Crandon Park had become one of the nation’s premier zoos by the mid-1960s, with more than a thousand animals representing upwards of 350 species, including rare Asian elephants, white tigers, and an Indian rhino. But upon facing the wrath of Hurricane Betsy in 1965, the zoo’s days were soon numbered. More than 250 animals perished when the storm surge flooded the beachfront park, and talks about relocating the zoo to a safer location in South Miami began. Fifteen years later, the Crandon Park zoo was closed, and its remaining residents were moved to what would become Zoo Miami.

Info

Address 6747 Crandon Boulevard, Key Biscayne, FL 33149, +1 305.361.5421, www.miamidade.gov/parks/crandon | Hours Daily sunrise–sunset | Tip See what’s come of the old Crandon Park Zoo at Zoo Miami (12400 SW 152 Street), located in South Miami near Kendall. One of the only free-range zoos in the country, the exhibits here are completely cageless.

Although the zoo animals have left Key Biscayne, the grounds, just steps from one of the most tranquil beaches in South Florida, are still there. Instead of lions and tigers pacing captive within their cages, wild peacocks strut around freely, showing off their electric blue bodies and opulent feathers, conspicuously stalking visitors for food.
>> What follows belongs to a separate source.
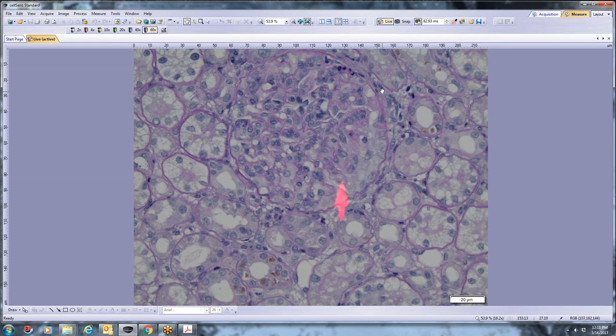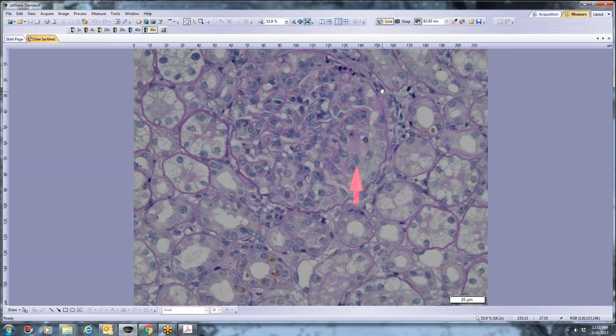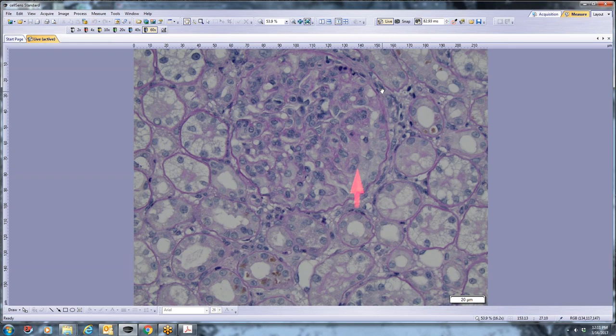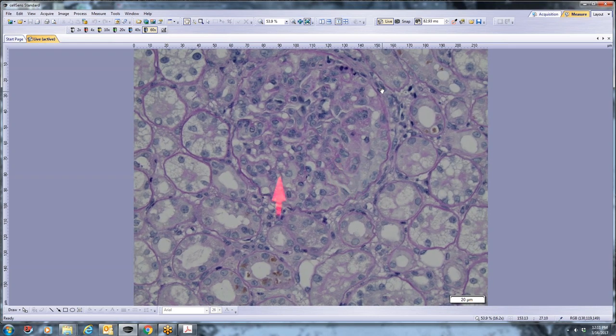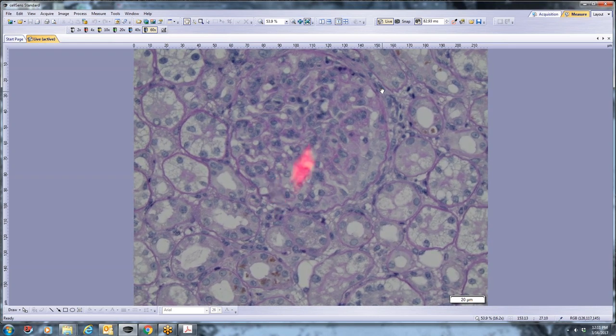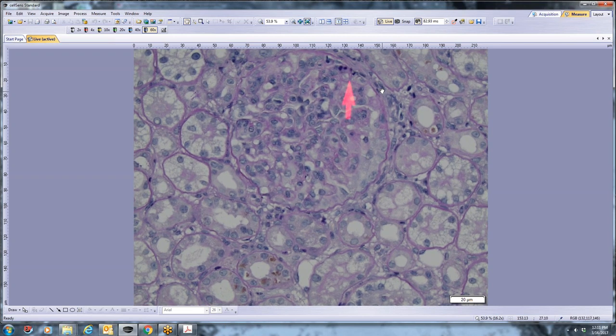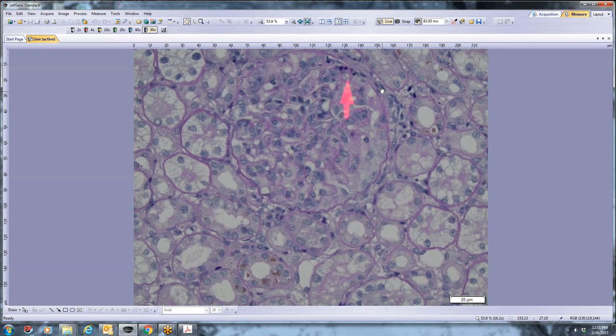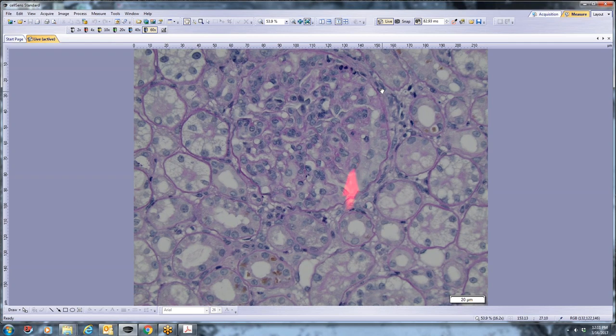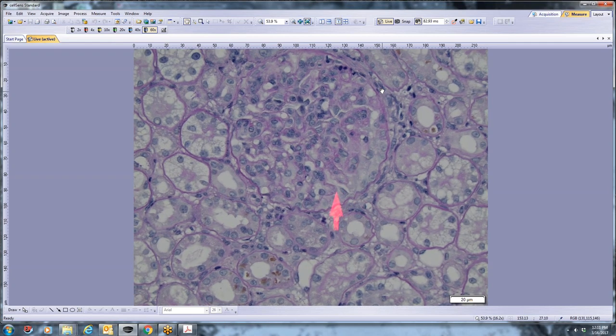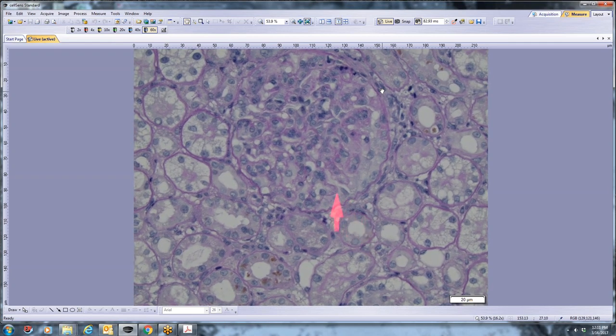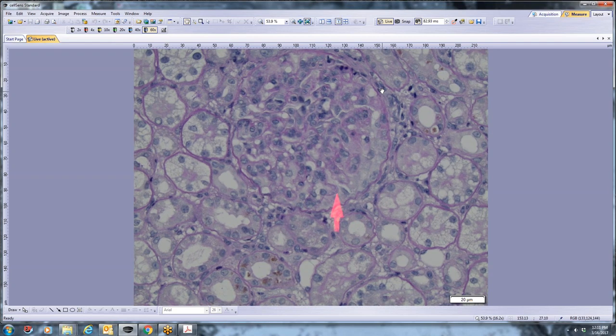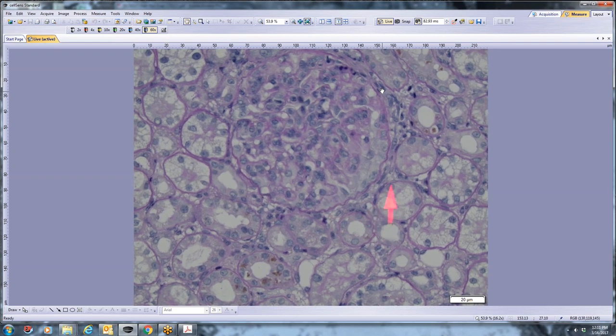So all of these cells are inside the lumens. There's also some degree of mesangial hypercellularity. And then the actual capillary walls, this tiny thin line is actually still the glomerular basement membrane. So in general, the capillary walls aren't very thickened yet.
Iguanas, relatives of the lizards that didn’t make the move to the new zoo, have colonized what is now Crandon Park Gardens. Get close enough to one and watch it scurry over the barren walking paths once packed with Miami’s children. Animal enclosures, still painted with tropical murals from decades ago, sit empty within mazes of palms and shrubs. The bars are gone, but the structures remain as an aide-mémoire to the days of yore.

 

Nearby

Sunrise at Crandon Park (0.336 mi)

Club Nautico (1.317 mi)

Bill Baggs Cape Florida State Park (2.144 mi)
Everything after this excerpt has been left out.